I’ve been feeling lousy lately. Back pain, upset stomach, general malaise… acne. Postpartum, I was a mess of hormonally driven health problems on top of edema, so I was a sad tree trunk trying to take care of a newborn. Breastfeeding, while the. single. most. difficult chore of motherhood, improved my health and mood.
I was a SUPERHERO. Not only was I producing life-giving nutrients for my infant son, but I also had clear skin, perfect digestion, and I could eat whatever I wanted — and not gain weight.
Super (ice cream). Hero (Pop-Tarts). Shae (carbs carbs carbs).
Do I need to mention my sudden and desperate urge to drink Dr. Pepper after a lifetime of never liking Dr. Pepper? Thanks, pregnancy.
I stopped breastfeeding my son the moment he had enough teeth to cause real damage. Thirteen months. I thought, I have my body back. No more pumping. No more middle-of-the-night comfort boob. I could drink again (I couldn’t).
The downside? All my fun health perks disappeared.
Physical therapy helps my back pain.

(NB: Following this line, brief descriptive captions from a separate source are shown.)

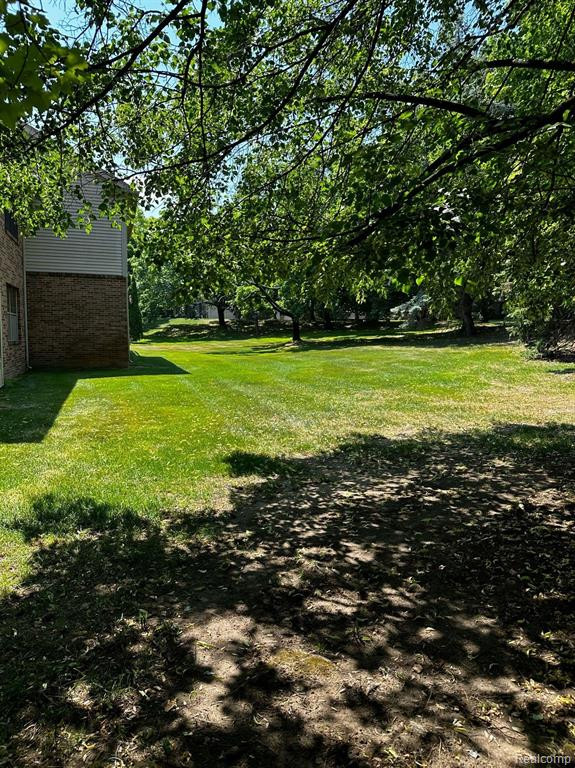 37029 RIDGEDALE Court, Farmington Hills, MI 48331 — Photo 26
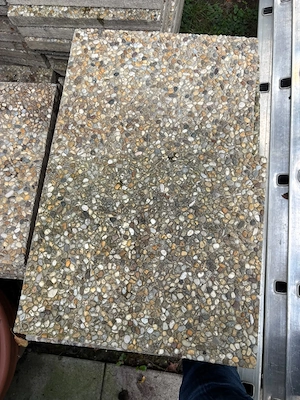 Waschbetonplatten 60 x 40 cm zu verschenken  Bild 2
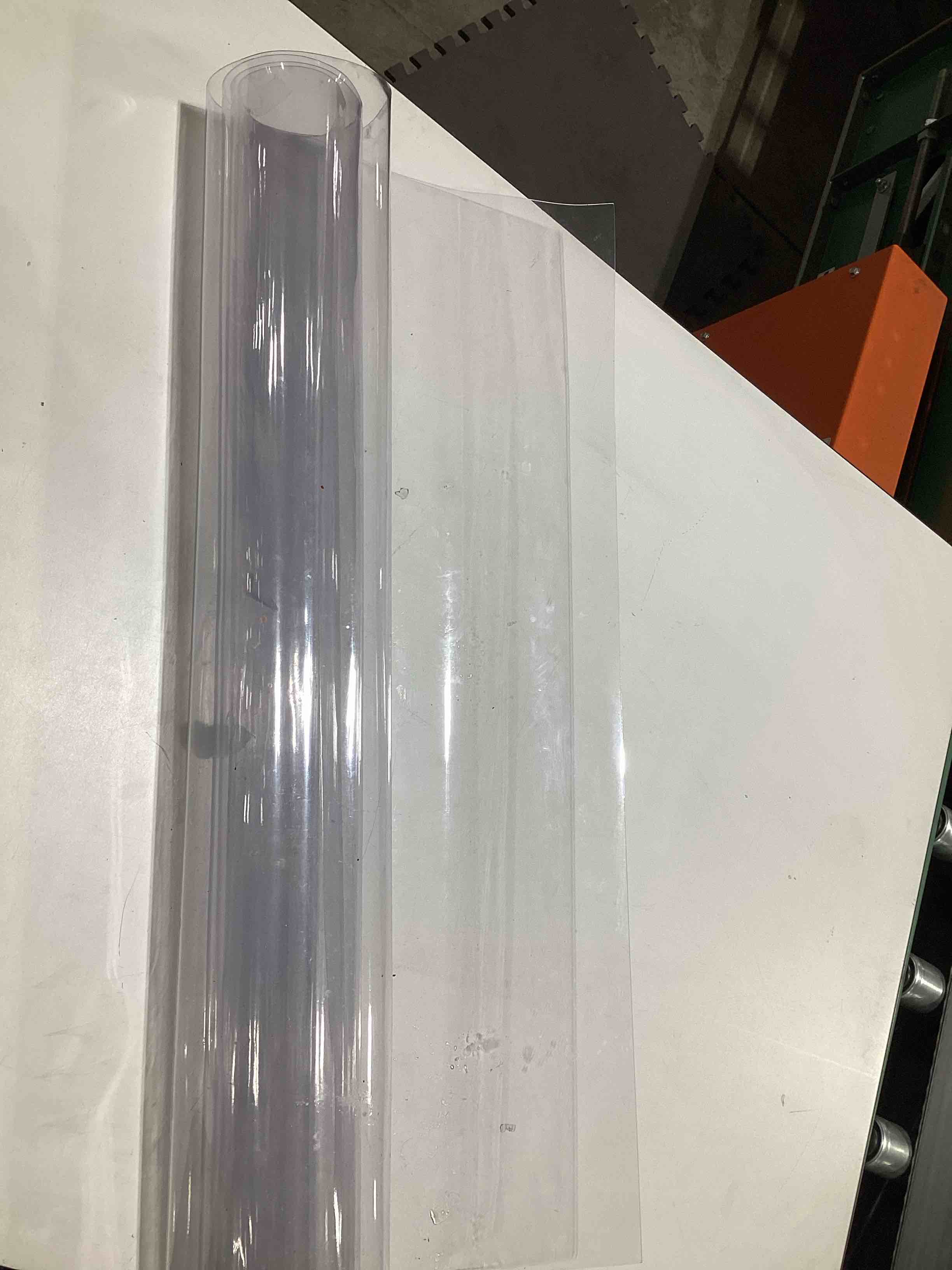 VEVOR Clear Table Cover Protector, 1.5mm Thick 36 x 72 in PVC Plastic Tablecloth, Waterproof & Oil Spill Proof, Customizable Rectangle Table Cover for Writing Desk, Coffee Table, Dining Room Table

At the end of the day, though, the pain is pretty intense. On top of back pain, I’ve started to feel… awful…. after eating, specifically at the end of the day. Right around 7 p.m. And acne made a comeback to my face. Who knew it’d want to relive high school, and then get worse. Weeee!
So, back pain, upset stomach, general malaise… acne.
My physical therapist sent me to my primary care physician because my back pain wasn’t improving. My primary care physician conducted a dozen blood tests looking for the cause of my inflammation and found nothing. My OB commiserated with my pain, upset stomach and general malaise — said the acne was normal.
But they all asked me the same question, “Well, what are you eating?”
GAH, YOU GUYS.
If you know me, you know I enjoy eating whatever I want whether or not I gain weight. Eating is my second favorite. Right behind sleeping. Food is fuel, sure. It’s also a delight.
But I looked at what I was eating.
Ice cream (back pain). Pop-Tarts (upset stomach). Carbs carbs carbs (general malaise).
And the Dr. Pepper…
My solution, of course, is simple. Change what I’m eating, but which thing — ice cream, Pop-Tarts or miscellaneous carbohydrates — causes my symptoms. How am I to know?
Oh, yeah, they made a diet for that.
GAH, YOU GUYS.
If you know me, you know I hate dieting. In all my years of desired physical fitness — I don’t have this desire anymore; I only desire more sleep — but, in fitness endeavors, food was almost never part of the equation.
So, fitness wasn’t always successful, but I was OK with that.
What diet am I talking about? The dietiest diet of them all… Whole30.
Whole30 requires what I consider an extreme elimination diet for 30 days. No ice cream (what). No Pop-Tarts (shut up). No good carbs (pasta, bread, pancakes, happiness). The actual rules make sense: no dairy, no added sugar, no grains and so on and so forth. Fruit, vegetables, nuts (not peanuts), seeds and meat-based protein — all OK.
While tragic, cutting some of my favorite foods out of my diet doesn’t scare me. The planning, preparation and follow through on all of the other foods are terrifying.
I meal plan well. I meal prep just OK. I don’t meal follow-through for crap.
Work, plus life, plus toddler… plus more toddler (same toddler, just more)… plus dinner… plus clean-up? No, I don’t want to do that. I get through about three days of good food, and then it’s two days of crap, and then another day of good food, and then scavenging the kitchen for food because it’s gone bad or we’ve eaten it or it’s weird to eat together.
Whole30 requires all of that. So much of that. Without excuse.
I planned my Whole30 for Aug. 2-31. However, because my mombrain separates its life into different buckets — work, life, toddler, more toddler, taking care of itself, etc. — I also planned a Date Day right in the middle of it with my husband at a favorite event complete with off-limits food truck food and beer.
Guess what you can’t have during Whole30?
GAH, YOU GUYS.
I love beer.
I bought the Whole30 cookbook and the beer tickets like, the same day because life and taking care of myself are not the same bucket.
They’re different buckets.
Here’s my new plan:
Cut my off-limits foods one-by-one. No more Dr. Pepper, ice cream or Pop-Tarts.
Reduce pasta intake and try not eat all the rice with all the soy sauce (because soy is also against the rules).
I need to practice Whole30. I have mombrain and limited meal follow-through and UberEats. I’m set up for failure.
Plus, I really want to go to the beer event, drink the beer, eat the off-limits food truck food and enjoy Date Day.
I will practice Whole30 for 15 days starting Aug. 2. During my practice, I will test some of the recipes from the Whole30 cookbook and find at least seven, solid, cookable-by-Shae recipes for family dinner during my actual Whole30, which is yet to be scheduled.
Because Date Day at the beerfest is happening.